And they were like, okay.
Right.
Because he has no credit.
He has no credit.
So they would just open up credit cards for him.
One person put him under the mortgage.
That's the brilliant part because these are their responsibilities, not him, because he's just asking them to do all this stuff for them.
But they are ultimately responsible when the bill comes.
You know?
I would just love to be a fly on the wall for this conversation.
So, I have no credit because reasons, right?
Oh, my business, something.
So, my credit's all.
So, I need a Mercedes, a Land Rover, and I forget what the other one was.
And you need to co-sign it, but don't worry, I'm going to be making the payments.
In the episode, she's like, What do I care?
As long as he's making the payments, what if he stops making the payments, numb nuts?
Which, surprise, that's what happened.
And again, I hate that I'm like victim shaming a little bit because these women really are victims, but at some point, you just got to be like, you're just face palming because you're going, How did you not see some red flags here?
Some of them had the red flag.
Like this guy was part of a business.
It was, remember laser discs back in the, what was that, early 90s or whatever?
Gigantic CDs, basically, that had movies on them.
He worked at this company.
Laser discs were big at the time, and he was a top executive on the company.
I think he was their chief financial officer, which is pretty ironic.

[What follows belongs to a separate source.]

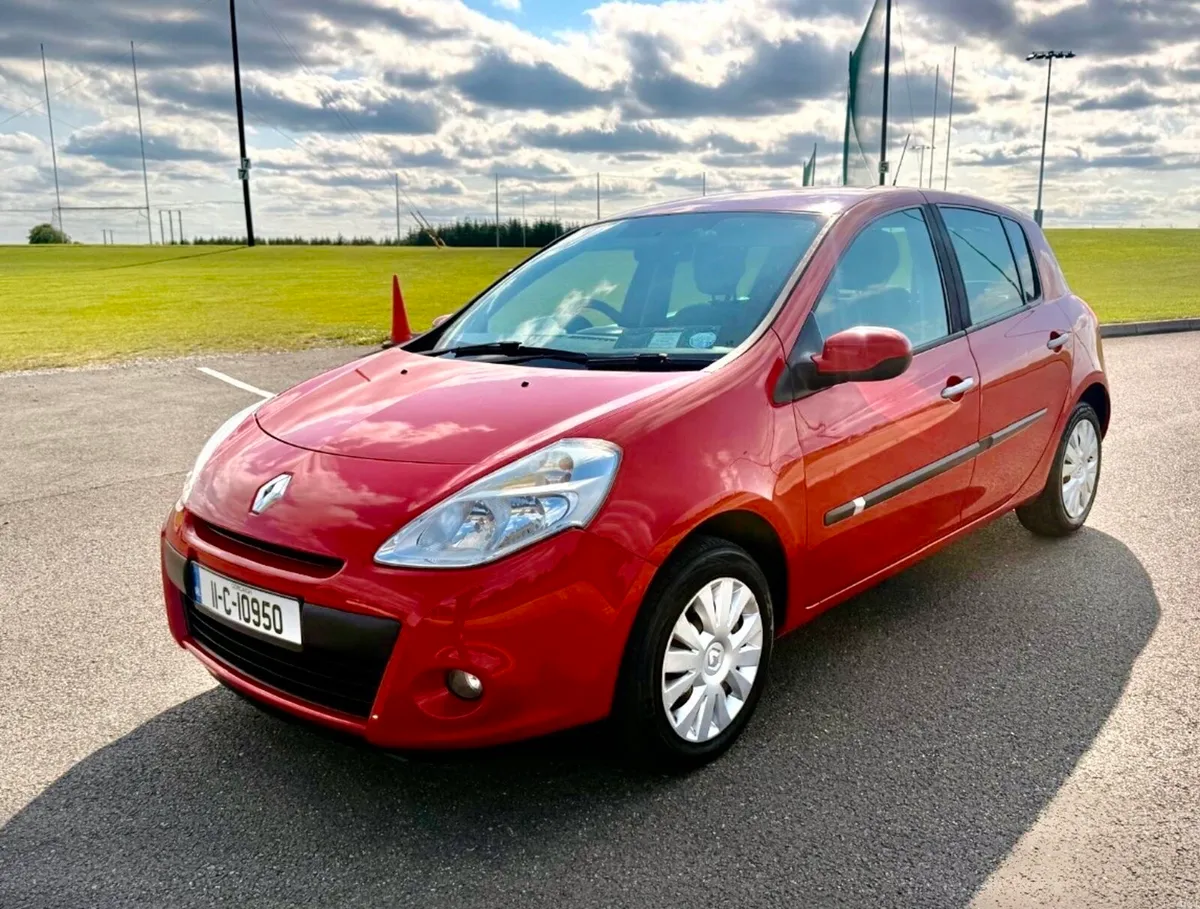 11 Renault Clio 1.5dci New Nct & Taxed €2895 - Image 4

And the whole time he's embezzling funds from this company, he ultimately gets busted, goes to jail.
And some of these women that he were dating, they knew about this.
But even knowing that this guy embezzled money from a company, they would still trust him enough to give him money.
At some point, this is on you.
Like, maybe not all of it.
Nobody deserves to be ripped off, victimized, and conned.
But when you go, he embezzled from his job and got fired and put in prison, but he would never do that to me.
This is the equivalent of putting a dog in your house with your wife and kids that has bitten every owner it's had and was about to be put down and you go, yeah, but she was so sweet to me at the shelter.
Just wait, dummy.
It's gonna happen.
So it shouldn't come as a surprise to anyone that he was doing this.
It's really, really shocking.
So this woman, Dana, was the first person to put the pieces together.
She notices inconsistencies in his story and she starts digging.
So this woman is quite sharp.
And by the way, if I ever tried to do this, this would happen on my second day, right?
I could never keep a bunch of BS stories together coherently.
So if I dated anybody like Dana, I would have zero chance of ever getting away with these scams.
So Dana's like, wait a minute.
I thought you said this and that and the other thing.
How do you investigate somebody?
I don't even know.
I've never investigated a date of mine.
What did she even start looking for?
I think it's because these guys, even though it sounds really sophisticated, they weren't that sophisticated.
These women knew about each other.
So as he was dating one woman, they found out about the other woman and he didn't keep it secret.
There was one woman that was upstairs while he was downstairs with another woman in the basement.
Like, he would actually bring some of these women to their homes.
So, it's not as sophisticated as we think they should be.
No, but having your one girlfriend upstairs while you're in the basement with another girl, I probably wouldn't have even tried that in high school.
You're going to get caught.
And I just want to know what, but like, this guy must have either be like extremely good looking or have tons of confidence, but I want some of that, man.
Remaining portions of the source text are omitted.